Dataset entries
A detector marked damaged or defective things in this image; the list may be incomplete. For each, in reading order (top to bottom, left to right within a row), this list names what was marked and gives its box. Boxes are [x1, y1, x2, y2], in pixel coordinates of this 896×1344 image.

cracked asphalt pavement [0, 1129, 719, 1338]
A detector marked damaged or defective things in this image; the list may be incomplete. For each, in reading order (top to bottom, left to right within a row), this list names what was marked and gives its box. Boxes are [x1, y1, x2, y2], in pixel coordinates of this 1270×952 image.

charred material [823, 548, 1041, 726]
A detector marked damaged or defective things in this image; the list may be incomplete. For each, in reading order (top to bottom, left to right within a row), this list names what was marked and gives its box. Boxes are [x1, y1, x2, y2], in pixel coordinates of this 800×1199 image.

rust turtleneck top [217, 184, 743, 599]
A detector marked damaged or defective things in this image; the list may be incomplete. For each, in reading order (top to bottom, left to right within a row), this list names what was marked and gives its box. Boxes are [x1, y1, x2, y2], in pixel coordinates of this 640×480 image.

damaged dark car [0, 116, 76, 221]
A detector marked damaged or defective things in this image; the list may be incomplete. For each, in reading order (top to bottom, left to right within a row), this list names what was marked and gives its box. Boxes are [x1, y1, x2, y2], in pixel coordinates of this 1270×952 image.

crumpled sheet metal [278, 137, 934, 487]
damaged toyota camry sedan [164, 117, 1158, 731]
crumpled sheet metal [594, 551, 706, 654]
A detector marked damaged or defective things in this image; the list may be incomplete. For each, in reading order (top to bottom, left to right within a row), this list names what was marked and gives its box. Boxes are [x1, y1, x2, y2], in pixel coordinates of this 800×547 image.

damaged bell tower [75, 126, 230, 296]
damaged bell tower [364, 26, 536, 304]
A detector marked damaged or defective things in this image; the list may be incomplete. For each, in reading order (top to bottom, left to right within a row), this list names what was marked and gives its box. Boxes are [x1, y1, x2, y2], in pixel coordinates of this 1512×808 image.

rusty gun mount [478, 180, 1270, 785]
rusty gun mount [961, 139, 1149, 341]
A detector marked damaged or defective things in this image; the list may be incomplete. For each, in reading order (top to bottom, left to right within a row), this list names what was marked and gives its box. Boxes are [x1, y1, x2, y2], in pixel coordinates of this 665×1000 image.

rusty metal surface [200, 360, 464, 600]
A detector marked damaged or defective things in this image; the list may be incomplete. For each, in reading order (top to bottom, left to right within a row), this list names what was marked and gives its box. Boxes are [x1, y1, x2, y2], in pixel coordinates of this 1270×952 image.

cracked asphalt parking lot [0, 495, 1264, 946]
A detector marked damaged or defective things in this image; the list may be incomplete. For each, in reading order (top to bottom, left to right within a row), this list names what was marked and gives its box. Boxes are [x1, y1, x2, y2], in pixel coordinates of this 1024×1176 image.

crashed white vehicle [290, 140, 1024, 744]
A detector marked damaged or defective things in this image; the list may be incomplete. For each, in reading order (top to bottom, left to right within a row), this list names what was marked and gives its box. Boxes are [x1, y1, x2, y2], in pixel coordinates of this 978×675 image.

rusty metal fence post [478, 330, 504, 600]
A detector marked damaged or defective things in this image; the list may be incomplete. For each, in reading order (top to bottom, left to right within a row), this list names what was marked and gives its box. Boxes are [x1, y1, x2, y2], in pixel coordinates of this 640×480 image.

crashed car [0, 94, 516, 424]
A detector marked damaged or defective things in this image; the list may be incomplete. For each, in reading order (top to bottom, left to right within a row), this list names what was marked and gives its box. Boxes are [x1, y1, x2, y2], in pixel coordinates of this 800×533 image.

What is required: Retype each record in full, please.

Solution for this problem:
A detector marked damaged or defective things in this image; the list may be incomplete. For each, in reading order (top to bottom, left to right within a row), this list names what was marked and gives its box. Boxes are [x1, y1, x2, y2], in pixel coordinates of this 896×1344 image.

cracked asphalt pavement [0, 1129, 719, 1338]
A detector marked damaged or defective things in this image; the list may be incomplete. For each, in reading order (top to bottom, left to right within a row), this list names what was marked and gives its box. Boxes are [x1, y1, x2, y2], in pixel coordinates of this 1270×952 image.

charred material [823, 548, 1041, 726]
A detector marked damaged or defective things in this image; the list may be incomplete. For each, in reading order (top to bottom, left to right within a row), this list names what was marked and gives its box. Boxes are [x1, y1, x2, y2], in pixel coordinates of this 800×1199 image.

rust turtleneck top [217, 184, 743, 599]
A detector marked damaged or defective things in this image; the list may be incomplete. For each, in reading order (top to bottom, left to right within a row), this list names what was marked and gives its box. Boxes are [x1, y1, x2, y2], in pixel coordinates of this 640×480 image.

damaged dark car [0, 116, 76, 221]
A detector marked damaged or defective things in this image; the list may be incomplete. For each, in reading order (top to bottom, left to right within a row), this list names what was marked and gives its box. Boxes are [x1, y1, x2, y2], in pixel coordinates of this 1270×952 image.

crumpled sheet metal [278, 137, 934, 487]
damaged toyota camry sedan [164, 117, 1158, 731]
crumpled sheet metal [594, 551, 706, 654]
A detector marked damaged or defective things in this image; the list may be incomplete. For each, in reading order (top to bottom, left to right within a row), this list names what was marked and gives its box. Boxes are [x1, y1, x2, y2], in pixel coordinates of this 800×547 image.

damaged bell tower [75, 126, 230, 296]
damaged bell tower [364, 26, 536, 304]
A detector marked damaged or defective things in this image; the list may be incomplete. For each, in reading order (top to bottom, left to right within a row), this list names what was marked and gives its box. Boxes are [x1, y1, x2, y2], in pixel coordinates of this 1512×808 image.

rusty gun mount [478, 180, 1270, 785]
rusty gun mount [961, 139, 1149, 341]
A detector marked damaged or defective things in this image; the list may be incomplete. For each, in reading order (top to bottom, left to right within a row), this list names what was marked and gives its box. Boxes are [x1, y1, x2, y2], in pixel coordinates of this 665×1000 image.

rusty metal surface [200, 360, 464, 600]
A detector marked damaged or defective things in this image; the list may be incomplete. For each, in reading order (top to bottom, left to right within a row), this list names what was marked and gives its box. Boxes are [x1, y1, x2, y2], in pixel coordinates of this 1270×952 image.

cracked asphalt parking lot [0, 495, 1264, 946]
A detector marked damaged or defective things in this image; the list may be incomplete. For each, in reading order (top to bottom, left to right within a row), this list names what was marked and gives its box. Boxes are [x1, y1, x2, y2], in pixel coordinates of this 1024×1176 image.

crashed white vehicle [290, 140, 1024, 744]
A detector marked damaged or defective things in this image; the list may be incomplete. For each, in reading order (top to bottom, left to right within a row), this list names what was marked and gives its box. Boxes are [x1, y1, x2, y2], in pixel coordinates of this 978×675 image.

rusty metal fence post [478, 330, 504, 600]
A detector marked damaged or defective things in this image; the list may be incomplete. For each, in reading order (top to bottom, left to right within a row), this list names what was marked and gives its box. Boxes are [x1, y1, x2, y2], in pixel coordinates of this 640×480 image.

crashed car [0, 94, 516, 424]
A detector marked damaged or defective things in this image; the list may be incomplete. For each, in reading order (top to bottom, left to right within a row), this list names what was marked and gives its box. Boxes are [x1, y1, x2, y2], in pixel coordinates of this 800×533 image.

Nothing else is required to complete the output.